We are using envelope to develop Spark Streaming Job. While after long running, the job will end with an driver OutOfMemory Exception. From the heap dump file, we can see most of the memory was occupied by the following instance: org$apache$spark$sql$execution$CacheManager$$cachedData which was like the cache of SQL operations. Could anyone help me solve this problem? Thank you so much.
172599_after_gc.png

10 REPLIES 10
Highlighted

Re: Spark Streaming Job submit through Envelope end with OutOfMemory Exception

Master Collaborator

You're simply running out of memory. A large portion of memory is dedicated to caching data in Spark, of course, and that explains why a lot of memory has cached data. That's not necessarily the issue here. You may be retaining state on lots of jobs in the driver and that's eating memory in the driver (wasn't clear whether that's the heap you're showing). You can just incease memory, or look for ways to reduce memory usage.

Re: Spark Streaming Job submit through Envelope end with OutOfMemory Exception

New Contributor
Hello Srowen, thank you for your reply. I had already tried to increase the driver memory, from 4g to 7g.

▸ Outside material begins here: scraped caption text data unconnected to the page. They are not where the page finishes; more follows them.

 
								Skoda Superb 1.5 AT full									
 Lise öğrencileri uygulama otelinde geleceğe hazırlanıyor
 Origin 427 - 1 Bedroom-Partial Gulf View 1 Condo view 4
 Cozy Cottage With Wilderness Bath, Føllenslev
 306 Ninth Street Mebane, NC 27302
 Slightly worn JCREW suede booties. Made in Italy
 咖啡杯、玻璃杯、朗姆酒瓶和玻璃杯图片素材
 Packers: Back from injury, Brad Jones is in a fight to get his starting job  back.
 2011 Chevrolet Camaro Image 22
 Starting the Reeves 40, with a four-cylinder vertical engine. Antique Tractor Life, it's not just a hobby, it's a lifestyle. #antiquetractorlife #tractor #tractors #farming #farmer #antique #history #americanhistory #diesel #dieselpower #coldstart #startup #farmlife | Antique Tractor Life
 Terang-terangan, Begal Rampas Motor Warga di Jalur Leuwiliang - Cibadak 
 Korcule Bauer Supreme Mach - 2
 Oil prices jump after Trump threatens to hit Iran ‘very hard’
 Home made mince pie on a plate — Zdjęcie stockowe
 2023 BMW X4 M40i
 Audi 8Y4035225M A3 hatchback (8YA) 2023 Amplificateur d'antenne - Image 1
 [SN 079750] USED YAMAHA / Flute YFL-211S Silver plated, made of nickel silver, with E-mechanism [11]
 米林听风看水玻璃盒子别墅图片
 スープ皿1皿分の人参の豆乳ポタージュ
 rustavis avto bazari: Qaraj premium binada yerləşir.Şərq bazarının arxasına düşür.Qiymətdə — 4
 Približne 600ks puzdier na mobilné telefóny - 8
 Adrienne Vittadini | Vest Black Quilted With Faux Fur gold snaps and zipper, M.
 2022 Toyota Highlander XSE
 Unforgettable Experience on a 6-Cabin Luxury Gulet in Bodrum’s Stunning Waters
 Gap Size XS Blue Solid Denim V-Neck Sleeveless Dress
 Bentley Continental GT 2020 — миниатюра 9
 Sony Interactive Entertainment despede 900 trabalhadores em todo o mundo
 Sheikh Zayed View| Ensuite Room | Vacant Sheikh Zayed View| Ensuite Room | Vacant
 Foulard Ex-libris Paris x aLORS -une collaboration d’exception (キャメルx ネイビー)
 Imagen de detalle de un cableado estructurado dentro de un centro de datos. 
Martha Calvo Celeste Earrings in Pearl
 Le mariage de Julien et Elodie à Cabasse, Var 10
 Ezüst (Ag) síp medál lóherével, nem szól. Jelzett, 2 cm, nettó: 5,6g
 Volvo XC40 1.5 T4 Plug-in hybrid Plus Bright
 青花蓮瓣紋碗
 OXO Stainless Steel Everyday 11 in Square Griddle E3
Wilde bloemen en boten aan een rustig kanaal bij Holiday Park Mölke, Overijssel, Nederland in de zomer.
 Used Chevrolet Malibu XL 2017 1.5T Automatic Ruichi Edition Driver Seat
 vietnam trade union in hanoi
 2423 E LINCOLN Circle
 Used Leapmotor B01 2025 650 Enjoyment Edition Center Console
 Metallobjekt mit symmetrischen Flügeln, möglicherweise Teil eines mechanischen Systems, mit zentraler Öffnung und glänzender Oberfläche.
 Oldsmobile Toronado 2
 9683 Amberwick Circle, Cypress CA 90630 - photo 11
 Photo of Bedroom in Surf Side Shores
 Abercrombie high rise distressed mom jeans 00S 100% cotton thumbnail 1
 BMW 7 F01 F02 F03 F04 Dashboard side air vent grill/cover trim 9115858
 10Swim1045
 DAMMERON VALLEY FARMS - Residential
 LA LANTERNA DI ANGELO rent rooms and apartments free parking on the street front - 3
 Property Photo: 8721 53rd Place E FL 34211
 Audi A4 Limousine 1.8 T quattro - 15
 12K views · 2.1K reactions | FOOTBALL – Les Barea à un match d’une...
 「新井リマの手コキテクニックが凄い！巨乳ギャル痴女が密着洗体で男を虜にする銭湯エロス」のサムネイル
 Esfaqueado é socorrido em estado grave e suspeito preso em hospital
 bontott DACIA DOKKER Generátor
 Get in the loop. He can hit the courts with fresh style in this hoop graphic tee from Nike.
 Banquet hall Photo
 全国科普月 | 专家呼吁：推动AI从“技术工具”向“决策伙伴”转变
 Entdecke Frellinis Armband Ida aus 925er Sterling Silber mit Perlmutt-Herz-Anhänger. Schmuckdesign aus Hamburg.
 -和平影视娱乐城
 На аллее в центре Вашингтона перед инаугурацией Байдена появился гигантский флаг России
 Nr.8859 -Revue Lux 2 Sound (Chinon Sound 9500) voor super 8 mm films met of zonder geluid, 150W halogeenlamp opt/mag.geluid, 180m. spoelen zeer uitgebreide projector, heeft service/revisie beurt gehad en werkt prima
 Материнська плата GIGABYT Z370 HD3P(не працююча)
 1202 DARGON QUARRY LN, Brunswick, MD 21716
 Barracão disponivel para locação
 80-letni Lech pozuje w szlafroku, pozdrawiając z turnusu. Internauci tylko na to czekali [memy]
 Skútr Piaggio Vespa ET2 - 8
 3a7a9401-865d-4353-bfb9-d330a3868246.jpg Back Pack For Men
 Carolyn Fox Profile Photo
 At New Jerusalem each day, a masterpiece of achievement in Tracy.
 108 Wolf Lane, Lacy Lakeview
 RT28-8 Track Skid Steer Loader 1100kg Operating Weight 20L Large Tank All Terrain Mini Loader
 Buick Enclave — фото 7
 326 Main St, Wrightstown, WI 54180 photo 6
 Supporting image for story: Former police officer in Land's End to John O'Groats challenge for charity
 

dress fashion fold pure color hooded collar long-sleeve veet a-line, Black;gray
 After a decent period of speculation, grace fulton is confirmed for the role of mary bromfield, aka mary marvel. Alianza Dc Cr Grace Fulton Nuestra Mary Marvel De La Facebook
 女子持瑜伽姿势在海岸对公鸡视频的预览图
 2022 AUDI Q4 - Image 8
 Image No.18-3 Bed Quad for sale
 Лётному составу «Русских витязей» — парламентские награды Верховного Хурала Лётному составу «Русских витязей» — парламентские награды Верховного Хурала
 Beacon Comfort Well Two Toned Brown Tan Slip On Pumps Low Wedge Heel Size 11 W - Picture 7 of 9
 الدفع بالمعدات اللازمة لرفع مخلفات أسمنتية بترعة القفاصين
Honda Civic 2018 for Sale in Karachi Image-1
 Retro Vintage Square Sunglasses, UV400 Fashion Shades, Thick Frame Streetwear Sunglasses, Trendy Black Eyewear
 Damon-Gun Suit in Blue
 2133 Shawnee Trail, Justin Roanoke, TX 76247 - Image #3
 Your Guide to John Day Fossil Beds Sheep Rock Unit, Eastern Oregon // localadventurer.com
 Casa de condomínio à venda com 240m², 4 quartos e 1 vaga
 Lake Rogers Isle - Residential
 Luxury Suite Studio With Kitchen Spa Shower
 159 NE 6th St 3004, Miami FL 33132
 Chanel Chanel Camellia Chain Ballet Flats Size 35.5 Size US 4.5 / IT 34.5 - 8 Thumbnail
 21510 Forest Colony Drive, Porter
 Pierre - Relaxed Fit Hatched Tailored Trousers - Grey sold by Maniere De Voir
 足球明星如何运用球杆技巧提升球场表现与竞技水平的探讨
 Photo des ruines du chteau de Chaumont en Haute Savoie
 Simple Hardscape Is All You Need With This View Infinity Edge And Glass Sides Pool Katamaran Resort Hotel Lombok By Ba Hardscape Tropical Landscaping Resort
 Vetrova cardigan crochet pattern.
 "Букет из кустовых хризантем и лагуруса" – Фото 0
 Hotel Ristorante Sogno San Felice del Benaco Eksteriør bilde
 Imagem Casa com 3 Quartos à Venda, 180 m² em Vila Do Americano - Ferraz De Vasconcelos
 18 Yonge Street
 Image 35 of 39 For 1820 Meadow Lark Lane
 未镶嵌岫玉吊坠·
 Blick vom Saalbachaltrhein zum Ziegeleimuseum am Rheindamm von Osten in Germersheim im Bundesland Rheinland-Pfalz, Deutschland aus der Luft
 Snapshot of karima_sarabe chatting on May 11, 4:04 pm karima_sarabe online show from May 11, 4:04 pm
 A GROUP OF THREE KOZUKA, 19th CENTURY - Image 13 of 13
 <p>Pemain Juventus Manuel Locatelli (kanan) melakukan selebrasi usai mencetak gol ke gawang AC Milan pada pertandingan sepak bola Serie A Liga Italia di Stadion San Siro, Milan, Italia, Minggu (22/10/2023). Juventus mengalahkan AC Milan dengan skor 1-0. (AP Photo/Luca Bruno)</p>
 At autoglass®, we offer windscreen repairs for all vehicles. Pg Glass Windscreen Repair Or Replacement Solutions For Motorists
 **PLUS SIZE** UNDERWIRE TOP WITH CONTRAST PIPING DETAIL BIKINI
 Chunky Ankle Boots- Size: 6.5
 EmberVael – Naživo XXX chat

However, the increased driver memory only extend the job's time to OOM. After discussing this issue with Cloudera Support, the engineer thought the problem may be caused by some design issue of Envelope and suggest me to seek help on this board.

Re: Spark Streaming Job submit through Envelope end with OutOfMemory Exception

Rising Star

For Envelope specifically, it does eagerly cache data, so if you have a streaming job with many steps then that might eventually cause this problem.

 

You can stop a step from being cached by adding "cache = false", e.g.:

 

steps {
  ...
  step_name_here {
    dependencies = ...
    cache = false
    ...
  }
  ...
}

Likely in the next version we will change the default to not cache a step unless it is configured to do so.

 

- Jeremy

 

Re: Spark Streaming Job submit through Envelope end with OutOfMemory Exception

Master Collaborator

Caching is OK in that Spark won't use more than it's allowed for caching, and you can turn that fraction down, if your app is heavily using memory for other things. Have a look at spark.memory.fraction or spark.memory.storageFraction. However that is only the issue if you're running out of memory on executors.

 

If you're running out of driver memory try retaining a lot fewer job history details. Turn spark.ui.retained{Jobs,Stages,Tasks} way down to reduce that memory consumption.

 

But the answer may simply be that you need more memory. I don't see evidence that 7G is necessarily enough, depending on what you are doing.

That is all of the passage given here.